I read this book when I was in a bit of a reading slump, and this was just the ticket — a book I wanted to read that pulled me in with evocative writing, honesty about a tough life without turning maudlin, an interesting setting.
Orchard House: How a Neglected Garden Taught One Family to Grow is a memoir about a daughter’s relationship with her mother, strained because of her mother’s hardness borne from life as a hard-working single mother, yet still strong and alive. It’s about a sister’s relationship with a brother, one strained with resentment for having raised him and lost her own childhood, yet forging a new path in adulthood. It’s about a single woman, devoted to her nieces, and her search for community. And of course it’s about a garden.

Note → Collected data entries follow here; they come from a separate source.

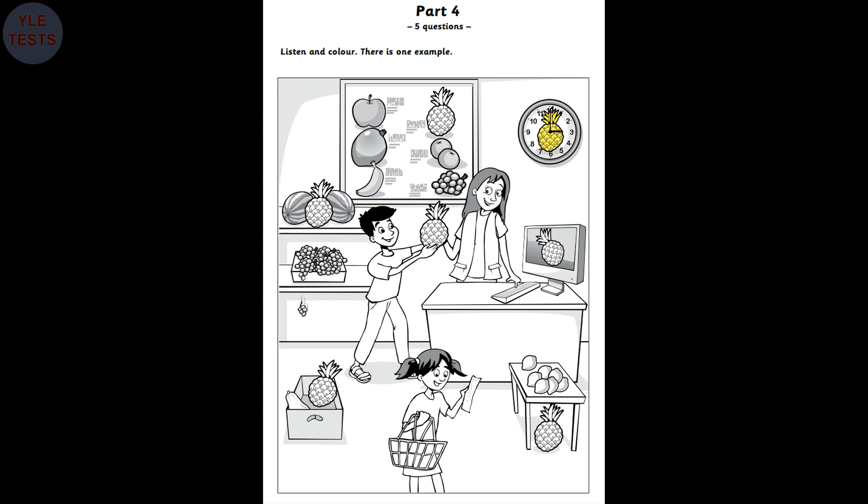There is a lot of fruit in this picture. Is it a shop? Yes, it is. Can you see the pineapple on the clock? The pineapple on the clock? Oh, yes. Can I colour it yellow, please? Yes, you can. Can you see the yellow pineapple? This is an example. Now you listen and colour.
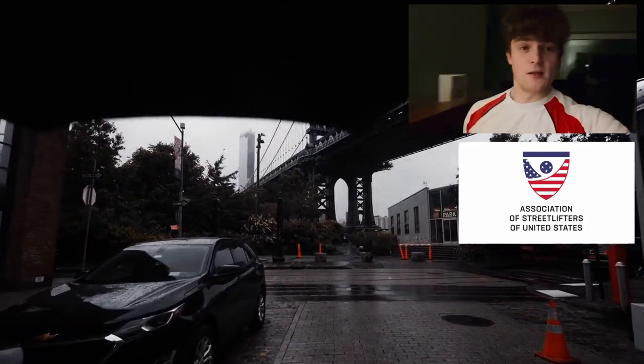I'll update you on the training and everything. Just keep up with these mini installments into my training.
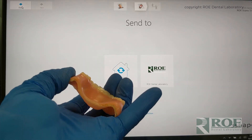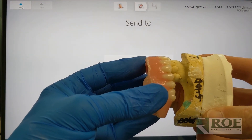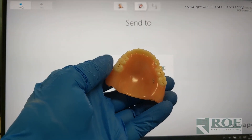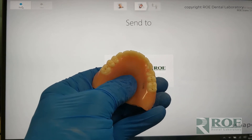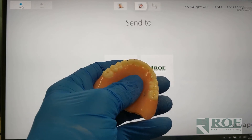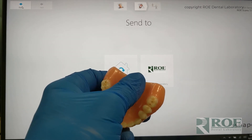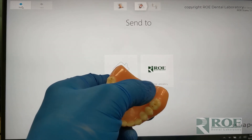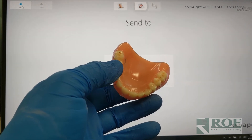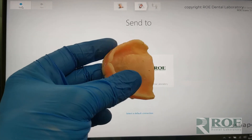We'll scan the denture and show you the trick while we're scanning. Then we'll scan the opposing and scan the bite. One of the challenges with scanning dentures is that the palate is shiny, and most scanners on the market will not pick up this shiny palate without trial and error and special materials. You can put a bite registration material on it or other products, but you can't use toothpaste or dull it up — it just seems to always fail. So we're going to skip it and show you during the scan.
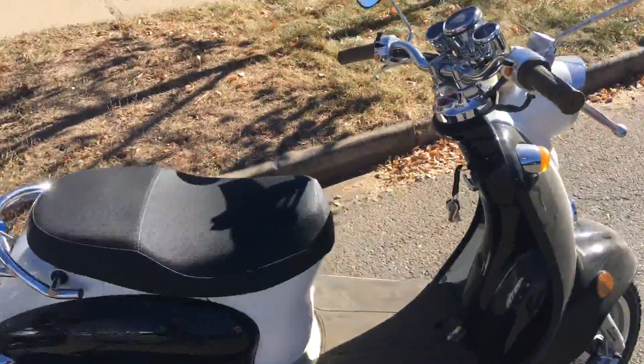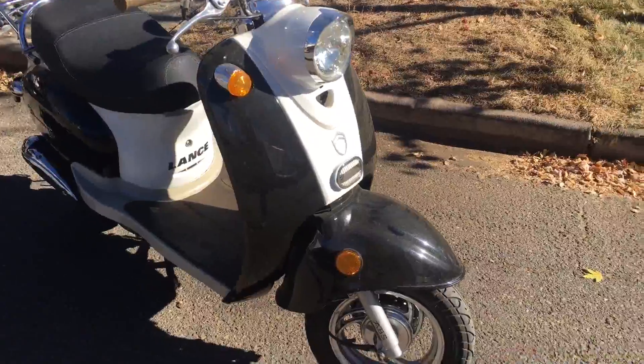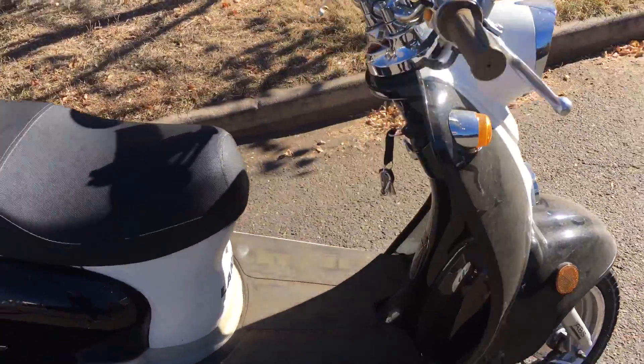Matt with Roll'n'Wrench. Here we've got this Chinese scooter — it's kind of like the Venice Twist and Go style scooter. This is a Lance Charminning.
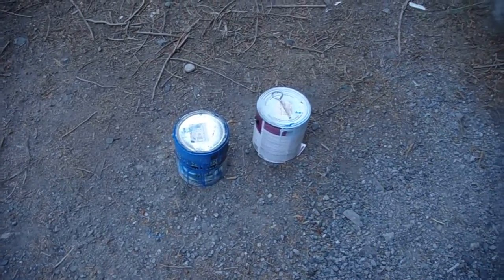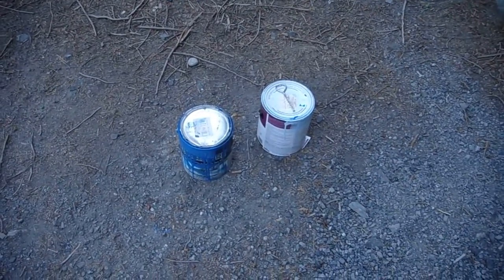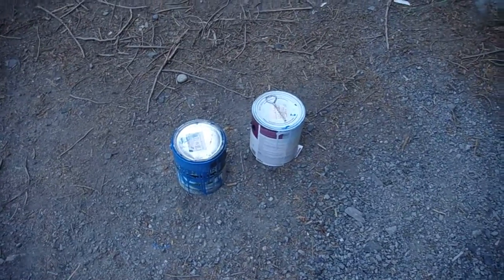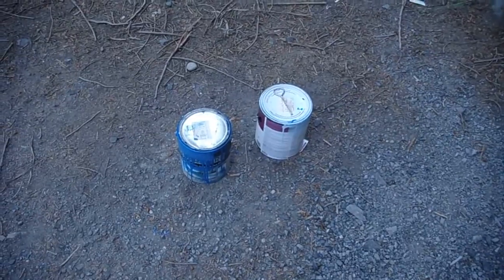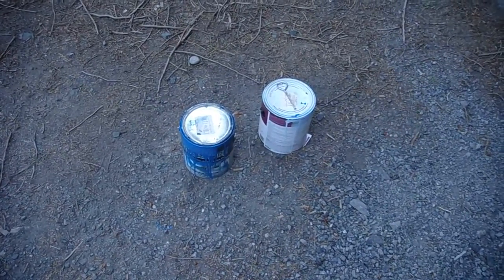June 15th, 2009. Getting ready for the 2009 Lopez Island 4th of July Parade. Here is our float in progress. Notice the three cans of paint.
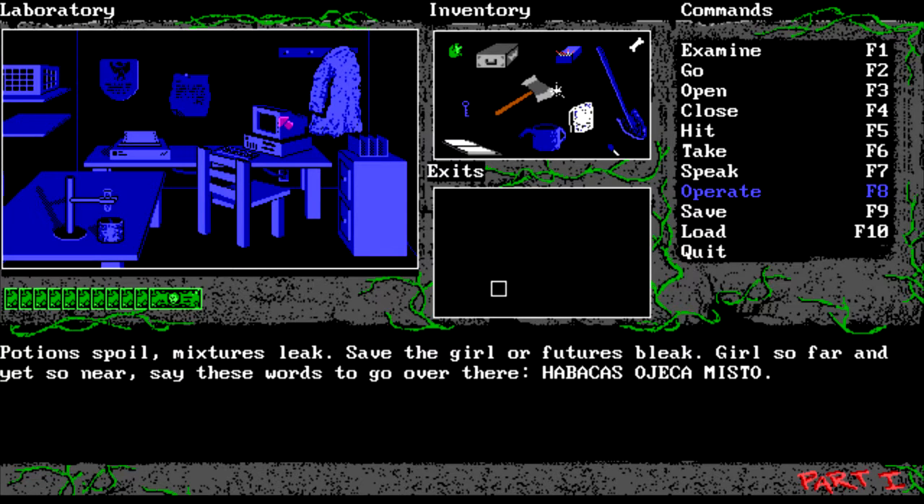The computer says: 'Potion spoiled, mixtures leak, save the girl or futures bleak. Girl so far and yet so near, say these words to go over there: habicus, ojeka mr.' I'm gonna write that down.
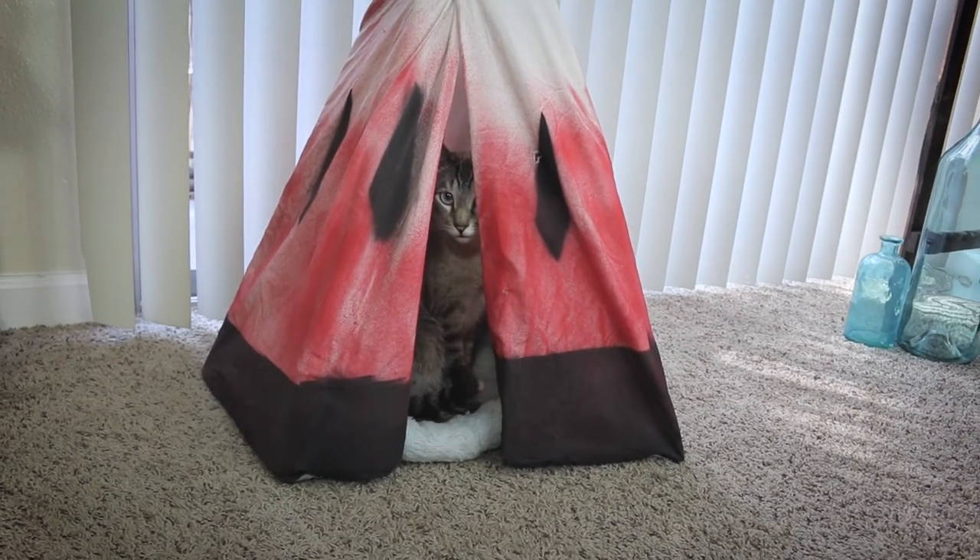And there you go — pretty much a cat teepee, no skill involved, cat approved. As you can see my cat likes it. Even if your cat or dog doesn't like it, at least you didn't spend a lot of time or money doing it. Thank you for watching — please subscribe if you haven't already, check out my other channel Beast Puff, and go make those beast teepees. They still won't appreciate it though — they will never appreciate it.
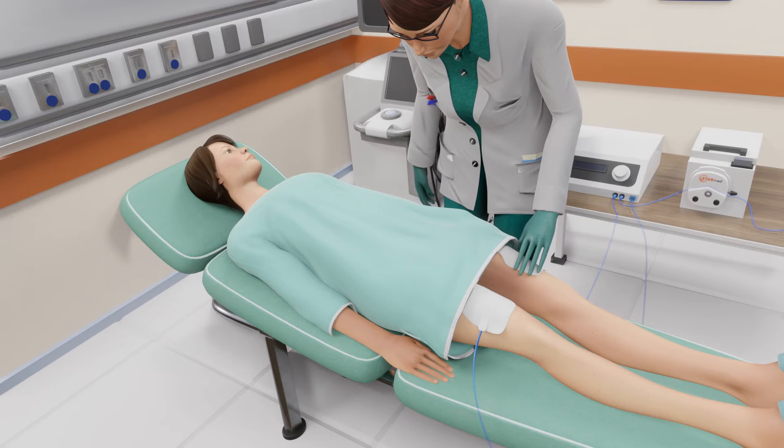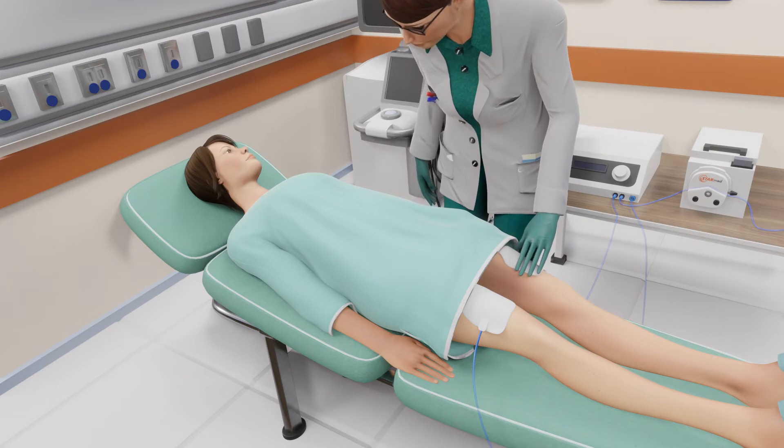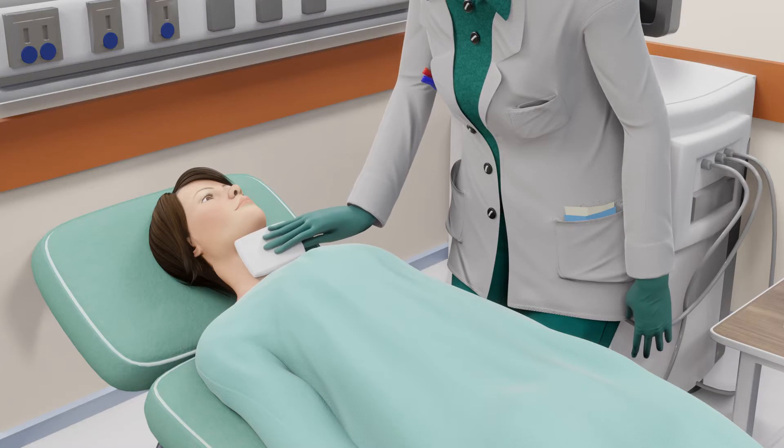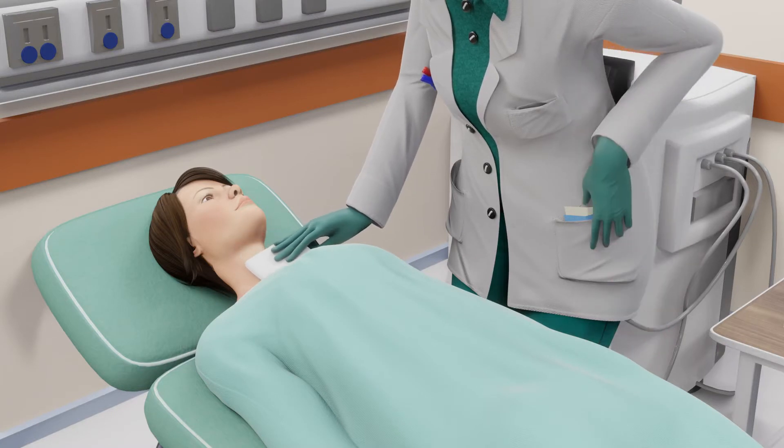Two grounding pads will be placed on your thighs. Your thighs may be shaved if necessary. Your neck will then be cleaned and disinfected to avoid infection.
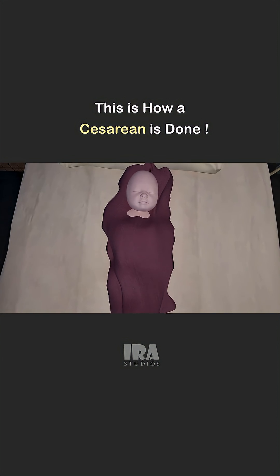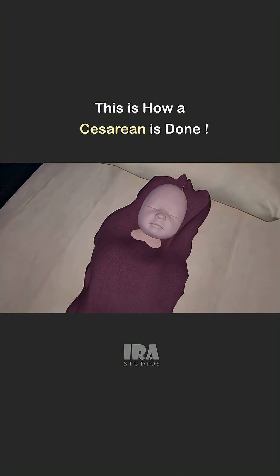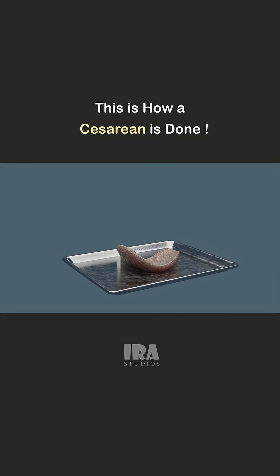After that, for the first observation, the baby is wrapped in a warm towel. The placenta is carefully removed.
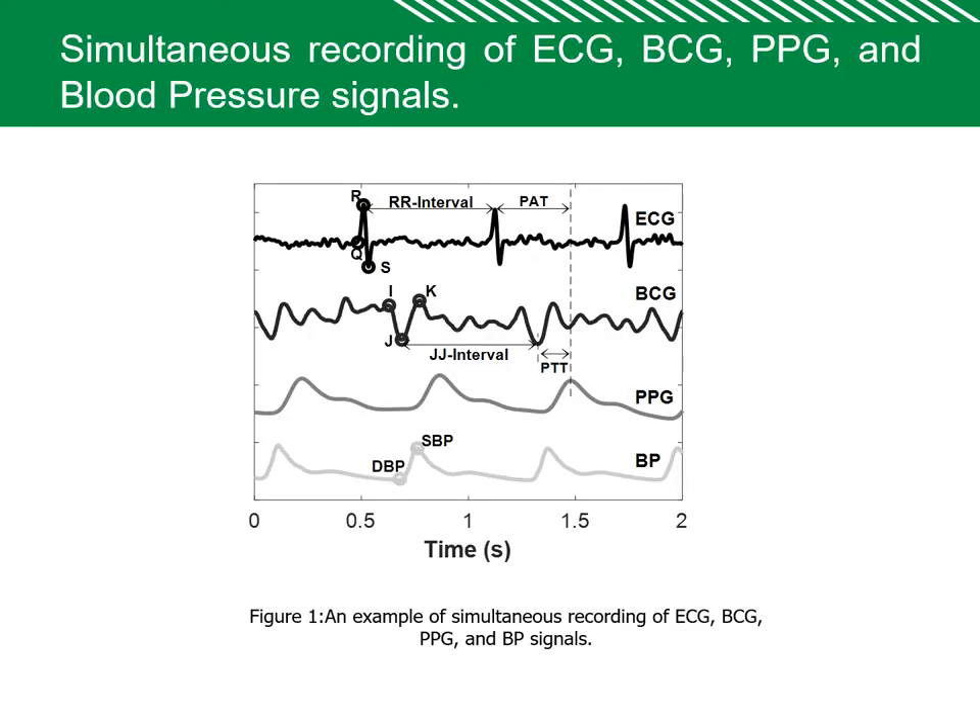This example shows how the R peak and J peak were detected simultaneously, and how the J-to-J interval and R-to-R interval were identified. Using the R peak, we also detected the systolic blood pressure and diastolic blood pressure — all these parameters were derived from the recorded signals.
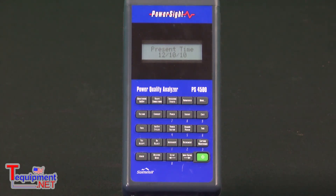It also has a CAT4 safety rating, communicates via Bluetooth, and has an SD memory card slot for cards up to 2GB. The PowerSight 4500 also has a full keypad, so you can program it from the keypad or from a computer via Bluetooth.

When Tara’s mother moves from California to Seattle to be near her grandkids, she finds a house with a large yard and an overgrown orchard. Tara remembers living off the land as a young girl and loves the idea of her nieces having the same pleasure of fresh-picked fruit and hard work. She spends time there to help. Instead of just spending the summer in Seattle as planned, she ends up moving there herself. Is it the garden that calls to her? Her growing nieces? Her aging mother?
The story of the garden and the family each coming together in their own time was riveting, slow, lovely. The metaphor of growing a garden together and nurturing family bond is not at all forced and comes together beautifully. This is a memoir for people who love memoir.